Federal Student Aid - IFAP
   
STATUTORY CHANGE

Section 313 of the Bankruptcy Reform Act of 1994 (Pub. L. 103-
394) added the following paragraph (c) to 11 U.S.C. 525:

(c)(1) A governmental unit that operates a student
grant or loan program and a person engaged in a
business that includes the making of loans guaranteed or
insured under a student loan program may not deny a
grant, loan, loan guarantee, or loan insurance to a person
that is or has been a debtor under this title or a bankrupt
or debtor under the Bankruptcy Act, or another person
with whom the debtor or bankrupt has been associated,
because the debtor or bankrupt is or has been a debtor
under this title or a bankrupt or debtor under the
Bankruptcy Act, has been insolvent before the
commencement of a case under this title or during the
pendency of the case but before the debtor is granted or
denied a discharge, or has not paid a debt that is
dischargeable in the case under this title or that was
discharged under the Bankruptcy Act.
(2) In this section, `student loan program' means the
program operated under part B, D, or E of title IV of the
Higher Education Act of 1965 (20 U.S.C. 1070 et seq.)
or a similar program operated under State or local law.

[This change was effective on the date of enactment (October 22,
1994) and will apply to all applications for Title IV assistance
received by schools, lenders, guaranty agencies, or the Department
on or after that date.]


QUESTIONS AND ANSWERS

1. Is there a general rule that can summarize this statutory change?

Yes.
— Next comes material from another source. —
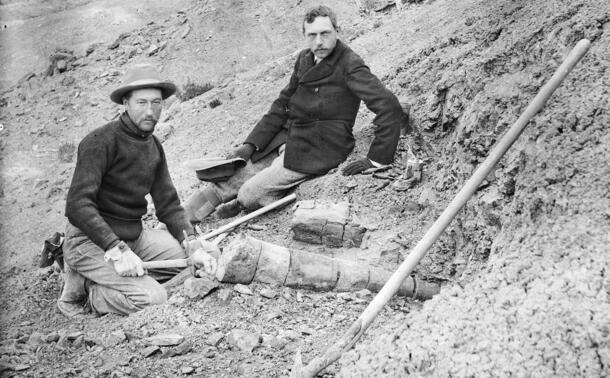 Barnum Brown wears a hat, holds a pick-axe, and kneels next to large fossilized bones; Henry Osborn, hat in hand, sits nearby.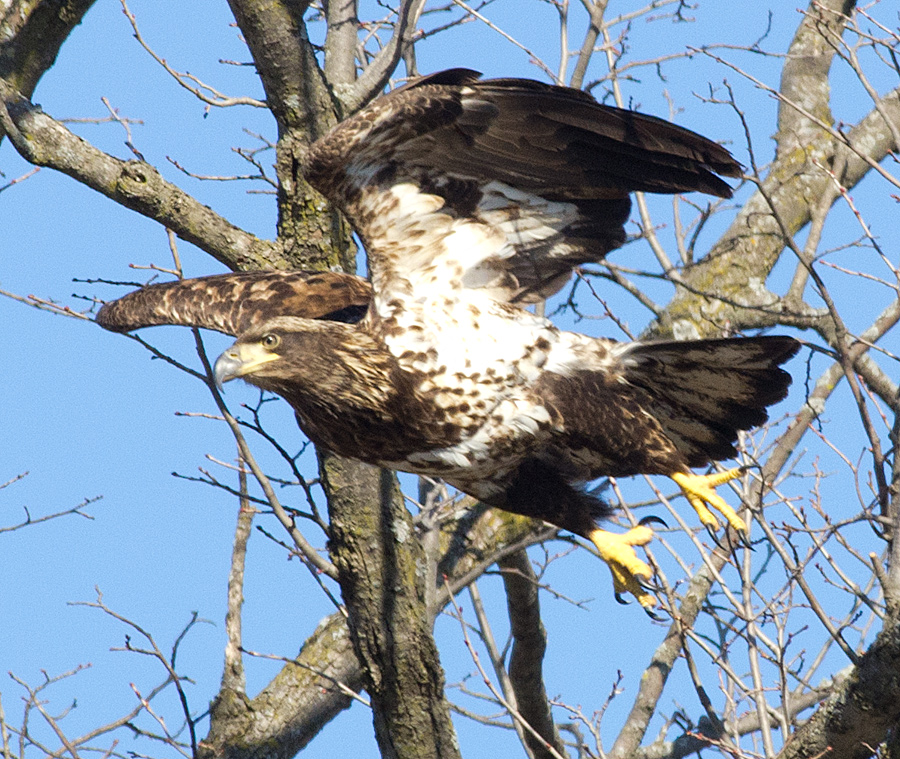 Eagle Series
A school, lender, guaranty agency, or the Department of
Education, cannot consider a person ineligible for a Title IV loan,
grant, or work study award *1* SOLELY because the person, or
someone associated with that person, has filed for bankruptcy, owes
a debt that is dischargeable in that bankruptcy proceeding, or has
had a debt discharged in bankruptcy. However, as discussed in
response to question #3, an applicant for Title IV assistance who has
included a defaulted Title IV loan or grant overpayment that is
NON-dischargeable in his or her bankruptcy schedules, will be
considered ineligible for additional Title IV aid until he or she
resolves the default or overpayment status.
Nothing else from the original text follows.